Entries taken from a collection:

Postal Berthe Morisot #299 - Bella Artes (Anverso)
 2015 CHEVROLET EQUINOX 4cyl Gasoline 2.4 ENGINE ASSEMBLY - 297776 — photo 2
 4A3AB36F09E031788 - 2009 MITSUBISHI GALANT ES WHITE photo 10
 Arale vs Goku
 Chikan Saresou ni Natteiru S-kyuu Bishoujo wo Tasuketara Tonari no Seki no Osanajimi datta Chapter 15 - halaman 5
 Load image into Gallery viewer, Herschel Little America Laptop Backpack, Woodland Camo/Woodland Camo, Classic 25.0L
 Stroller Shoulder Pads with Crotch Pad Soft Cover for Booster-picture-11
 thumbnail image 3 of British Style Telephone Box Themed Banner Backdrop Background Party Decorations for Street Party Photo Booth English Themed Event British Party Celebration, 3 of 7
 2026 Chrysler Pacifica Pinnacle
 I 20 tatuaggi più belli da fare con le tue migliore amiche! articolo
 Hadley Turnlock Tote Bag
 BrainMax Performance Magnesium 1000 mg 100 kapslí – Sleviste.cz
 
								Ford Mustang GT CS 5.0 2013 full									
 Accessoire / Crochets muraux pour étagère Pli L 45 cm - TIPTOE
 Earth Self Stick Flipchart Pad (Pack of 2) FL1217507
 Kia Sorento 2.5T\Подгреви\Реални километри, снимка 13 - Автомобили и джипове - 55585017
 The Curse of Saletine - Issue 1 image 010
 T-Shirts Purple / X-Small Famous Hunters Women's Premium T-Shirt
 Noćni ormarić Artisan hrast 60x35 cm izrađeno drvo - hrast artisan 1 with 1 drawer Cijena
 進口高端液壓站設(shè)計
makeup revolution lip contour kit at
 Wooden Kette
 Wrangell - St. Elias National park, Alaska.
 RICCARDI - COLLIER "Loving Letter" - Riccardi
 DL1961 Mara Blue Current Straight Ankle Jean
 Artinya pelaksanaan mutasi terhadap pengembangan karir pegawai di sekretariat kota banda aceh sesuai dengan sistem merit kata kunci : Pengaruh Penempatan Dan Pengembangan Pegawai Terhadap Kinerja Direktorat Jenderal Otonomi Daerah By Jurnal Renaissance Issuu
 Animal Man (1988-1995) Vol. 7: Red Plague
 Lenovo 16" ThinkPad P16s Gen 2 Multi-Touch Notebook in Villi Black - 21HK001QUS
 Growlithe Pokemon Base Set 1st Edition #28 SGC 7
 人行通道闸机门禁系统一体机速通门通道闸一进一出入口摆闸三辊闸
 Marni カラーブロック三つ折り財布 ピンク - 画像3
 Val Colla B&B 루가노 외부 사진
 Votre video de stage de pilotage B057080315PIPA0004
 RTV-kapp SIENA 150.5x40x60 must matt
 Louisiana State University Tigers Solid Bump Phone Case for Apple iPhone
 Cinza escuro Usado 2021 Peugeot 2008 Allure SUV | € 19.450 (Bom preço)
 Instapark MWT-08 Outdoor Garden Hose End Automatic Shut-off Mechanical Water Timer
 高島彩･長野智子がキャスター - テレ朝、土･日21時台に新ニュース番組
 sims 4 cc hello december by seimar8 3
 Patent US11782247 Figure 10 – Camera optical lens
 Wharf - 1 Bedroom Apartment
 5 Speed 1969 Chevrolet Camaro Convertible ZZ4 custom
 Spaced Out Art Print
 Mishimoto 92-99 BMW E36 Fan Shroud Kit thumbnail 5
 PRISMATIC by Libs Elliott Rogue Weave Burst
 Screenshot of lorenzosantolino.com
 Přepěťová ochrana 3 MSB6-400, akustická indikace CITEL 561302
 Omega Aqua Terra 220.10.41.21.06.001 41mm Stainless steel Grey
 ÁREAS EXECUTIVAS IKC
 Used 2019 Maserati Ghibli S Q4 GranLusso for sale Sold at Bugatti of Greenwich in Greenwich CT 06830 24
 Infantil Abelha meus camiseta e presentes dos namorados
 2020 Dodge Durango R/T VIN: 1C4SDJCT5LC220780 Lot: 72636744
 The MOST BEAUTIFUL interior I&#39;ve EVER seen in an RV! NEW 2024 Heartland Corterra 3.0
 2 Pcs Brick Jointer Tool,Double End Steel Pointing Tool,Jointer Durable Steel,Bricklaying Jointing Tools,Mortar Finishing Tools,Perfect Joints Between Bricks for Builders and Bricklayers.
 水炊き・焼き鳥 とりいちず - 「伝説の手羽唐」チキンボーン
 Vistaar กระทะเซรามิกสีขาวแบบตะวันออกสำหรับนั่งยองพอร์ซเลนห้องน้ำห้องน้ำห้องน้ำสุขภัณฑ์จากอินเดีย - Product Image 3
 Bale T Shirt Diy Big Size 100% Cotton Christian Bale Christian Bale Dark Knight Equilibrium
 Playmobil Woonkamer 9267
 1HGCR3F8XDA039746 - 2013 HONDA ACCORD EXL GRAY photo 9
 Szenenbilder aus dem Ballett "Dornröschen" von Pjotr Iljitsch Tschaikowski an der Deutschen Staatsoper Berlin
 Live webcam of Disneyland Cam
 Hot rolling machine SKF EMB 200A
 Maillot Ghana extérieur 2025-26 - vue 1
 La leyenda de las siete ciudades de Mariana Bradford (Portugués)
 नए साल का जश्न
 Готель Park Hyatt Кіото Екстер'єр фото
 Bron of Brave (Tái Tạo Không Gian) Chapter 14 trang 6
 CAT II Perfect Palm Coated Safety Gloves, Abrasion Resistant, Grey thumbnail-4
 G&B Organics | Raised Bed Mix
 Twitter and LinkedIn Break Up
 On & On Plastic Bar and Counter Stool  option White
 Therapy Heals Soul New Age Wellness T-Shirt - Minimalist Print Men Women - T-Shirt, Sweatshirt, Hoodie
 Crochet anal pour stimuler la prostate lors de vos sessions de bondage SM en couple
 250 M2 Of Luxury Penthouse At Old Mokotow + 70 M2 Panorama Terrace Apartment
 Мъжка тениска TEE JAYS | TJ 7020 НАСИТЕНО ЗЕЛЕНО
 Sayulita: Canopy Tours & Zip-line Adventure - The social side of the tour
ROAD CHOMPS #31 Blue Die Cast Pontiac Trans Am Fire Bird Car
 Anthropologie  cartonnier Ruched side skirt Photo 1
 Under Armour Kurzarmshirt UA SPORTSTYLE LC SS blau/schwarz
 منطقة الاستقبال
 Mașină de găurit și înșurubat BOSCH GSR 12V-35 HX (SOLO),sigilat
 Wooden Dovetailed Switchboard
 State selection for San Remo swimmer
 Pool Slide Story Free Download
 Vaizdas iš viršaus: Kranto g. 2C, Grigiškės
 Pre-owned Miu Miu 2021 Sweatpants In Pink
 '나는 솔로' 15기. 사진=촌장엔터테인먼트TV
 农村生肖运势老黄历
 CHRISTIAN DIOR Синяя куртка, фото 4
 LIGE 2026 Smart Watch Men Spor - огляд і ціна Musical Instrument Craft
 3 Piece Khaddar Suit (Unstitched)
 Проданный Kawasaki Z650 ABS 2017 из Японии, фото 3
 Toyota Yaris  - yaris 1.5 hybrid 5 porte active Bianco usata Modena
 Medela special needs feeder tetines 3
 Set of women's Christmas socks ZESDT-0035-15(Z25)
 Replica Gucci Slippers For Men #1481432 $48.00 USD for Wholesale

PROBLEM :: Whenever the word "Print" shows up in a line of the entries, list that line.

OUTPUT ::
 Spaced Out Art Print
 Therapy Heals Soul New Age Wellness T-Shirt - Minimalist Print Men Women - T-Shirt, Sweatshirt, Hoodie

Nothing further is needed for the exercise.